§ Task input
Content starts

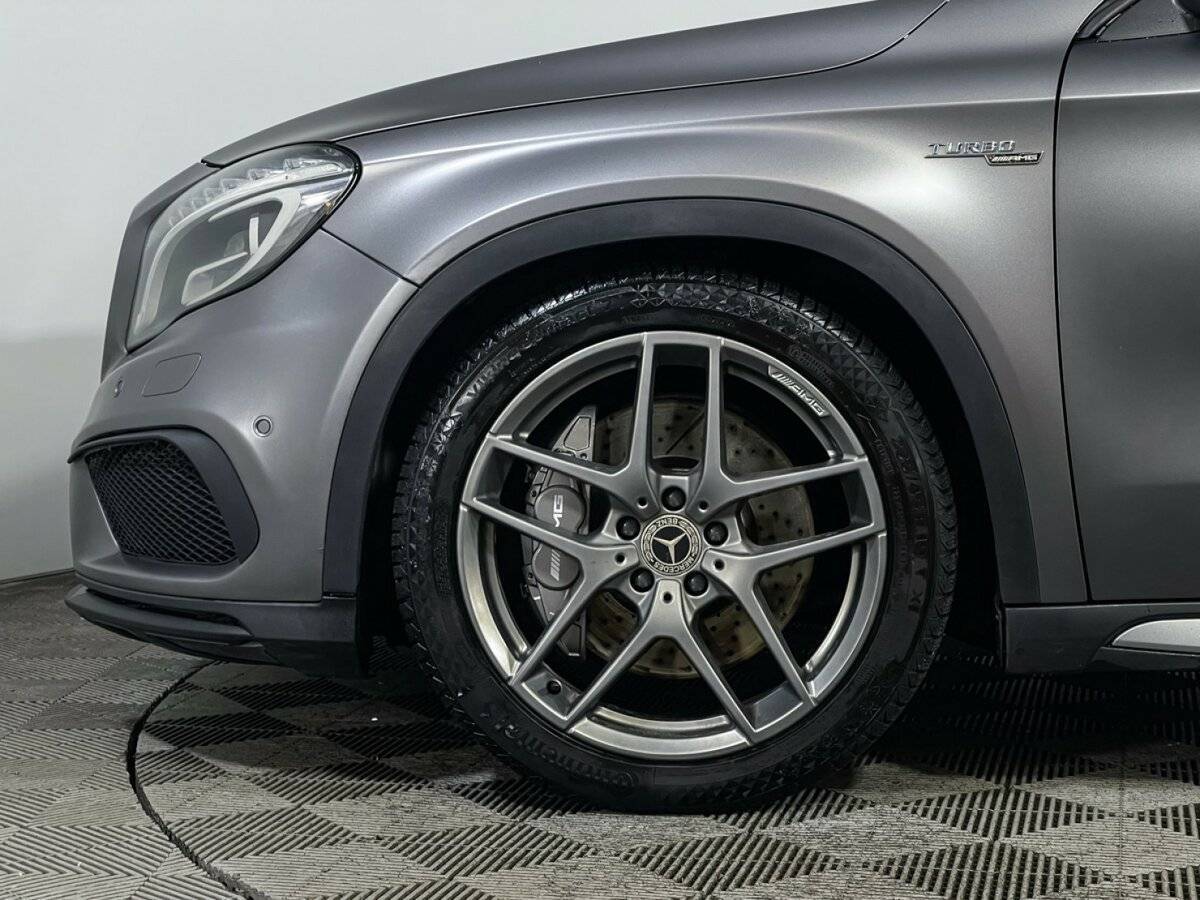 Купить Mercedes-Benz GLA AMG с пробегом. Фото: #19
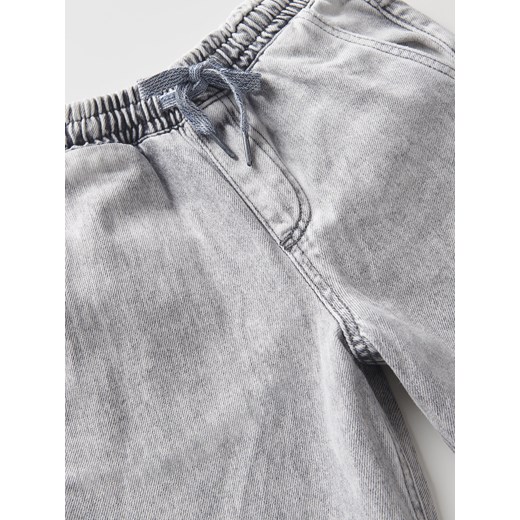 Reserved - Classic denim wide leg - Jasny szary Reserved 146 (10 lat) Reserved
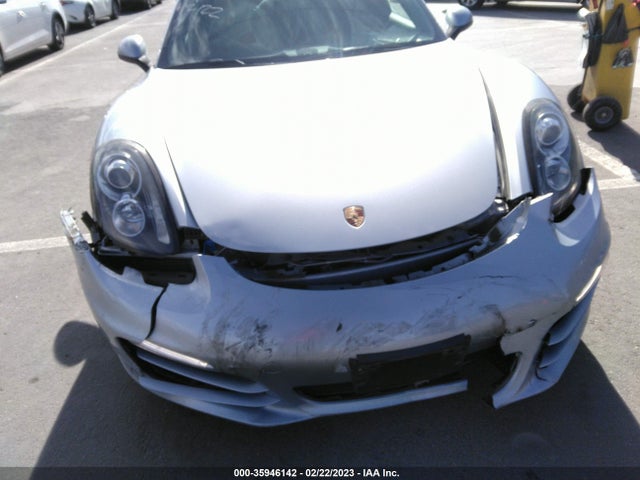 2014 Porsche Boxster, VIN: WP0CA2A82ES121540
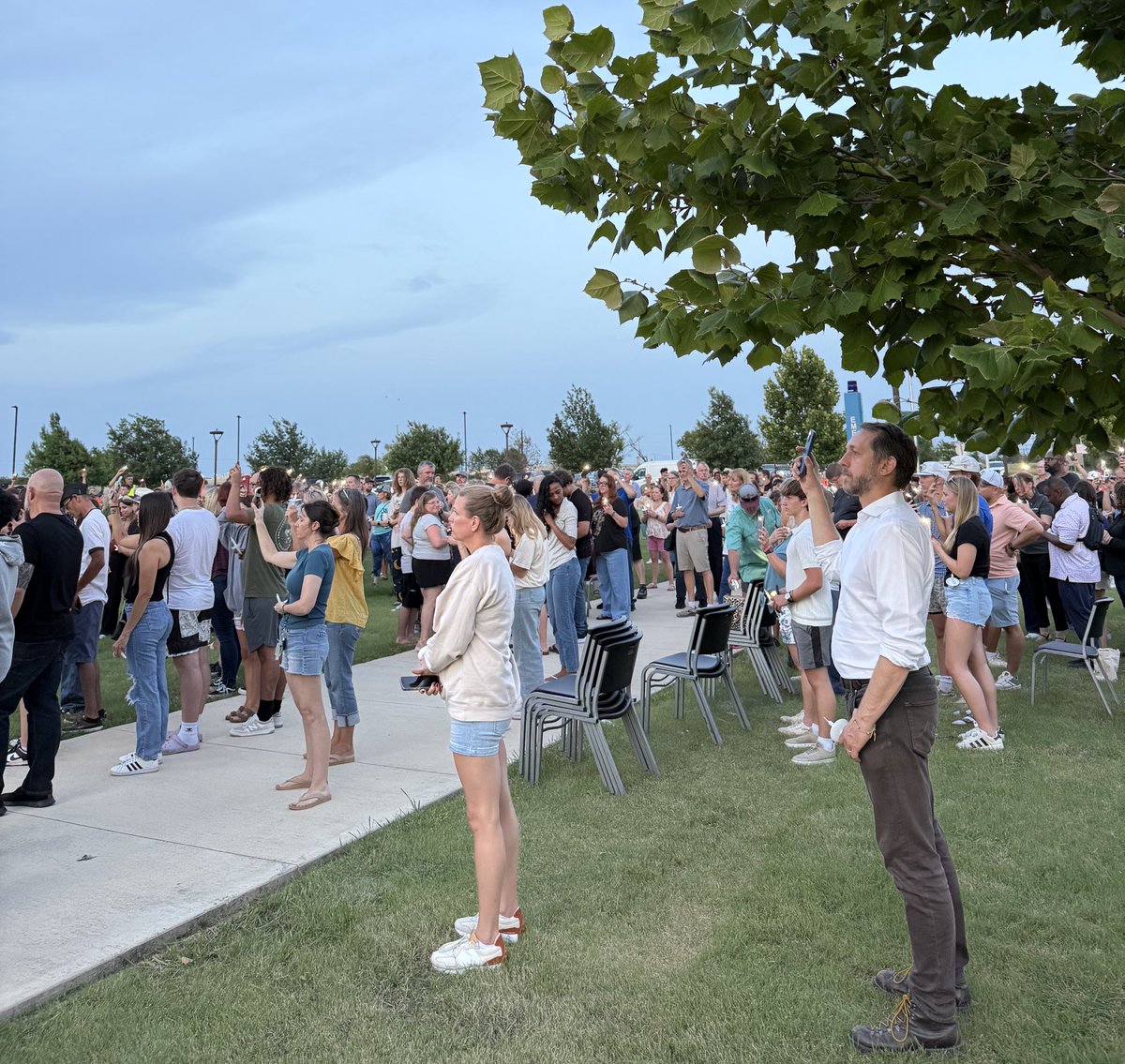 TravisCoJudge's tweet image. I attended Leander’s vigil honoring the lives lost & forever changed by the Sandy Creek floods. My prayers are with every family, friend, volunteer & first responder.
Travis Co’s top priority is providing families with resources to rebuild with dignity and a strong foundation.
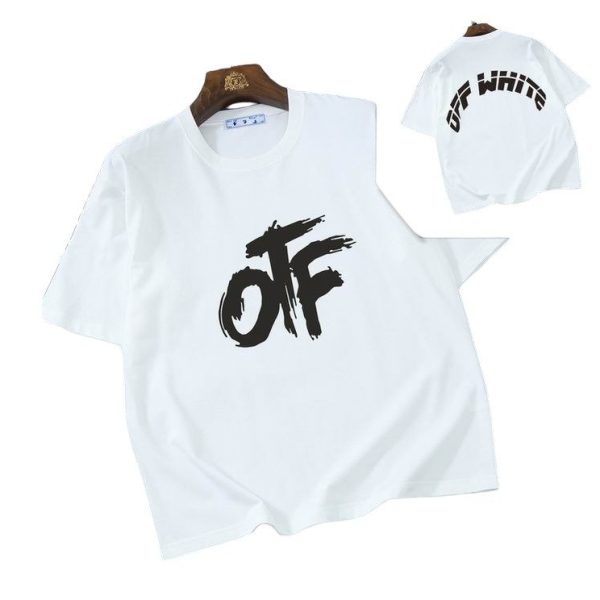 Camiseta Off-White Oversize Blanca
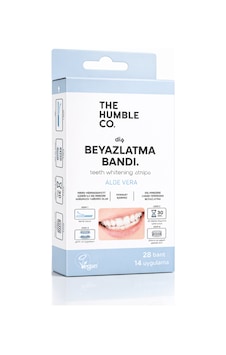 The Humble Co. Diş Beyazlatma Bandı Aloe Vera 28'li The Humble Co. Diş Beyazlatma Bandı Aloe Vera 28'li
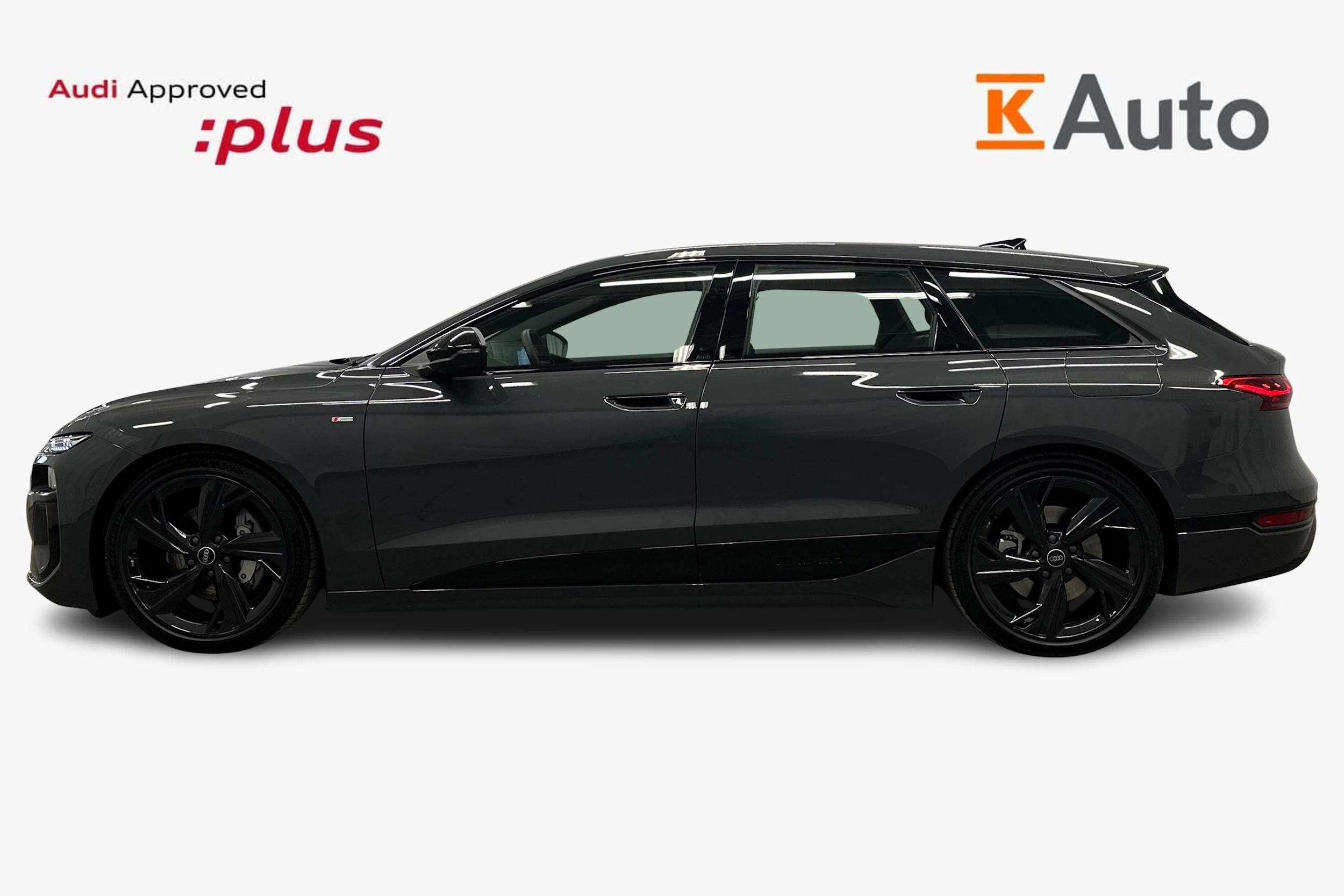 harmaa Audi A6 e-tron 2025 kuva 5.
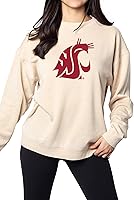 Vista 50 de chicka-d NCAA Campus - Sudadera para mujer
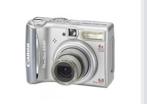 Canon powershot A540 met statief en tas, Ophalen of Verzenden, Zo goed als nieuw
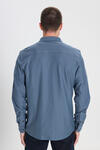 Wrangler Gömlek Uzun Kol W242585315 İndigo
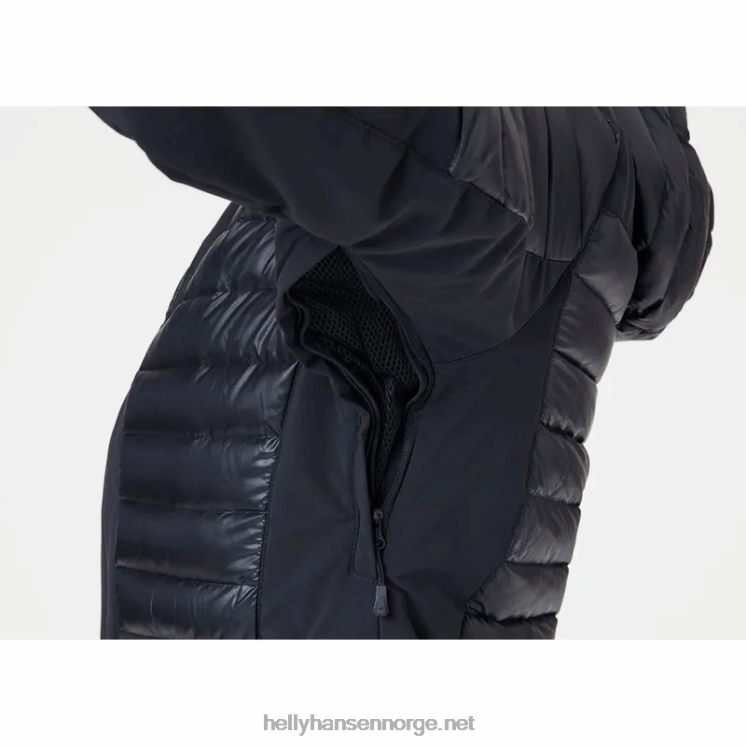 avanti skijakke for kvinner Helly-Hansen F6TJ01662 svart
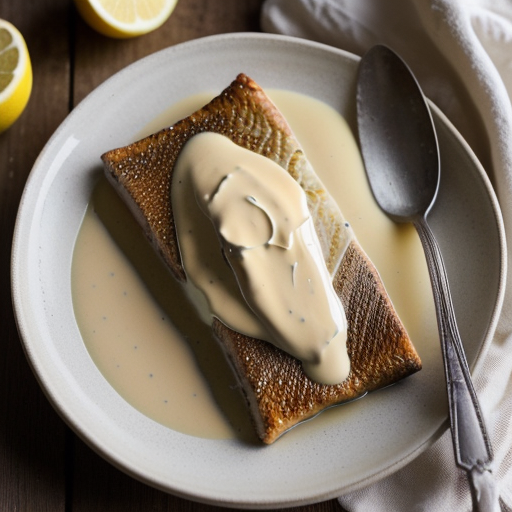 Trout With Cream and Honey Sauce (Irish recipe image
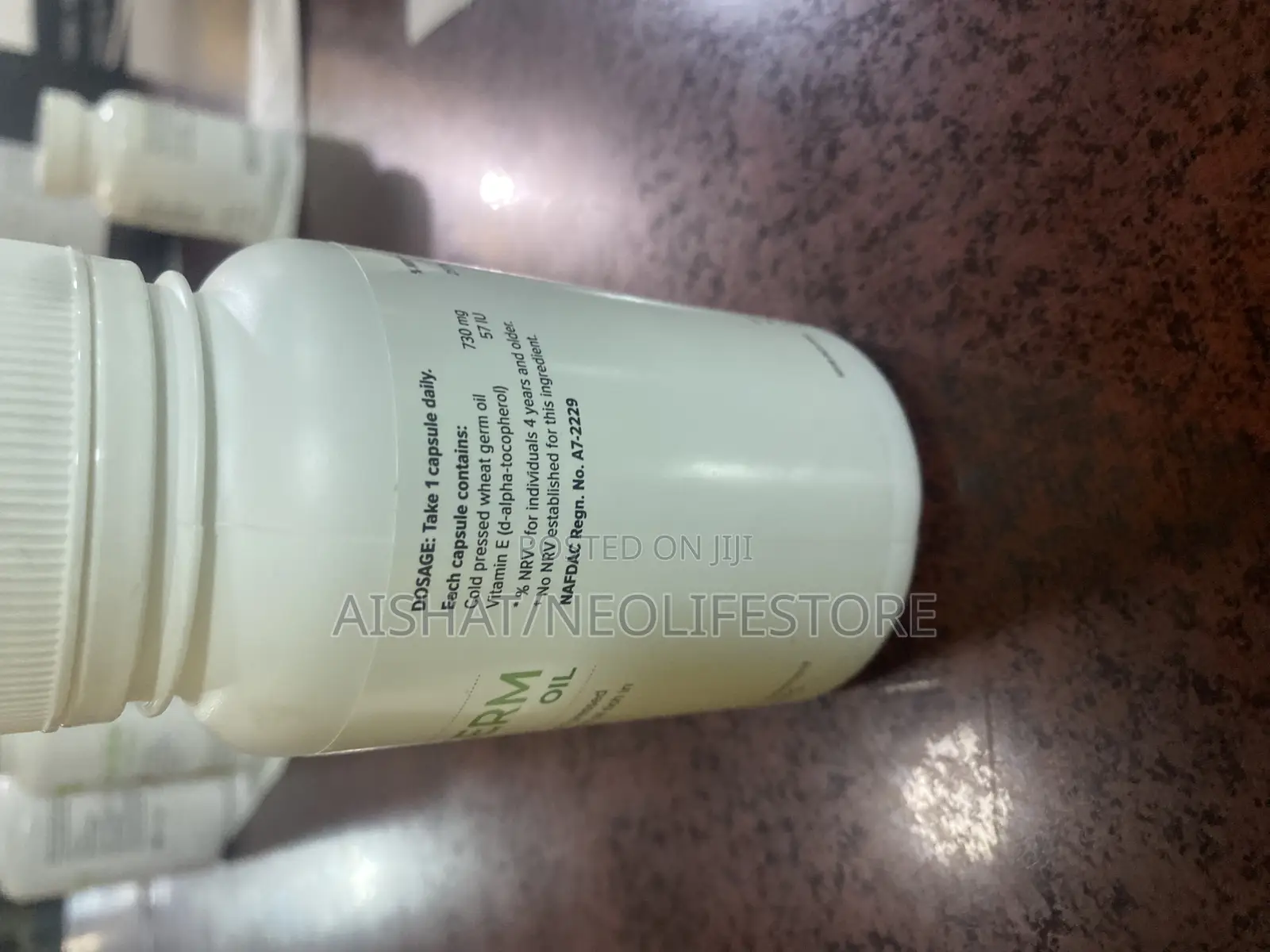 Wheat Germ Oil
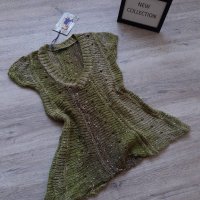 Нова колекция пуловер от изключително мека материя на намаление, снимка 1 - Блузи с дълъг ръкав и пуловери - 30421700
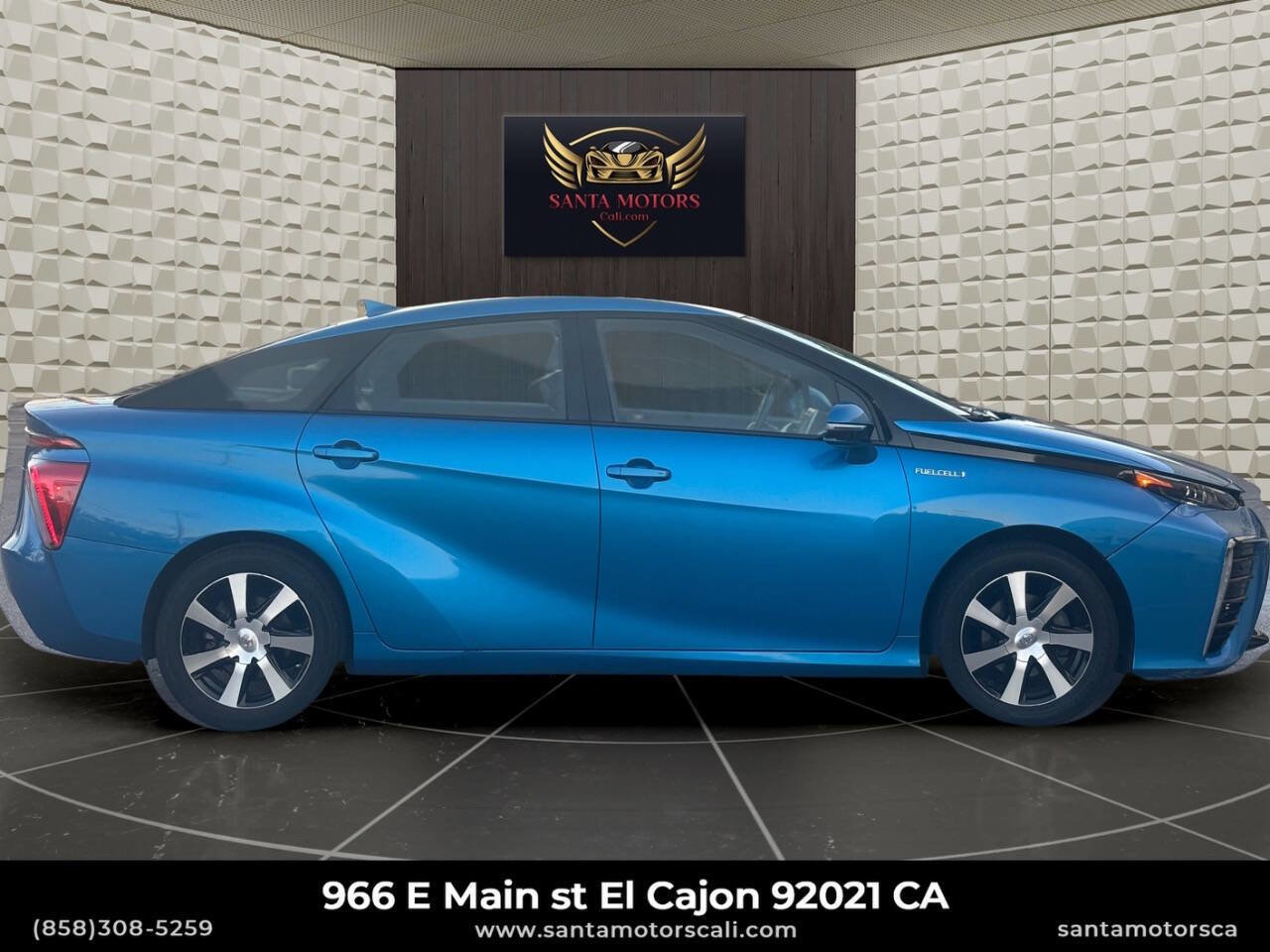 Used 2017 Toyota Mirai FWD image 5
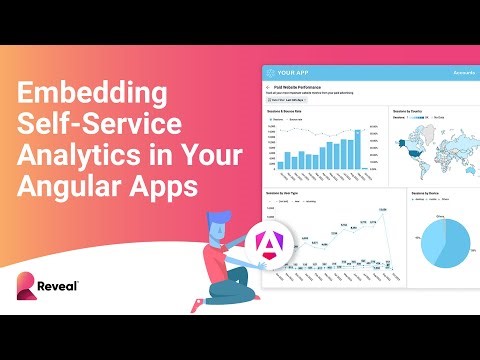 Integrate Interactive Dashboards & Reports Into Your Angular Apps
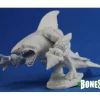 Miniature<Sharkman: Bones RPR 77278 - Miniature Marvels: Airplane Models & Painted Dice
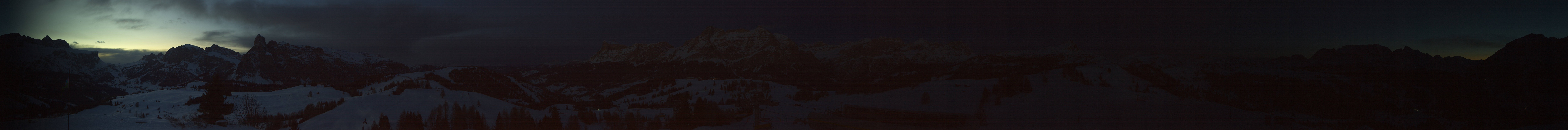 Archiv Foto Webcam Alta Badia: Panorama Bioch Hütte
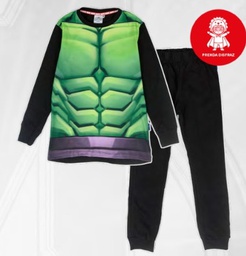 [DIS80883]  INV. PIJAMA DISFRAZ DE ALGODÓN "HULK"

Content ends

§ Required work
Your copy should hold only the lines running from the one that contains "Wrangler Gömlek Uzun Kol W242585315 İndigo" through the final line of the data; transcribe them exactly, both ends included, and leave pictures out.

§ Problem solution
 Wrangler Gömlek Uzun Kol W242585315 İndigo
 avanti skijakke for kvinner Helly-Hansen F6TJ01662 svart
 Trout With Cream and Honey Sauce (Irish recipe image
 Wheat Germ Oil
 Нова колекция пуловер от изключително мека материя на намаление, снимка 1 - Блузи с дълъг ръкав и пуловери - 30421700
 Used 2017 Toyota Mirai FWD image 5
 Integrate Interactive Dashboards & Reports Into Your Angular Apps
 Miniature<Sharkman: Bones RPR 77278 - Miniature Marvels: Airplane Models & Painted Dice
 Archiv Foto Webcam Alta Badia: Panorama Bioch Hütte
 [DIS80883]  INV. PIJAMA DISFRAZ DE ALGODÓN "HULK"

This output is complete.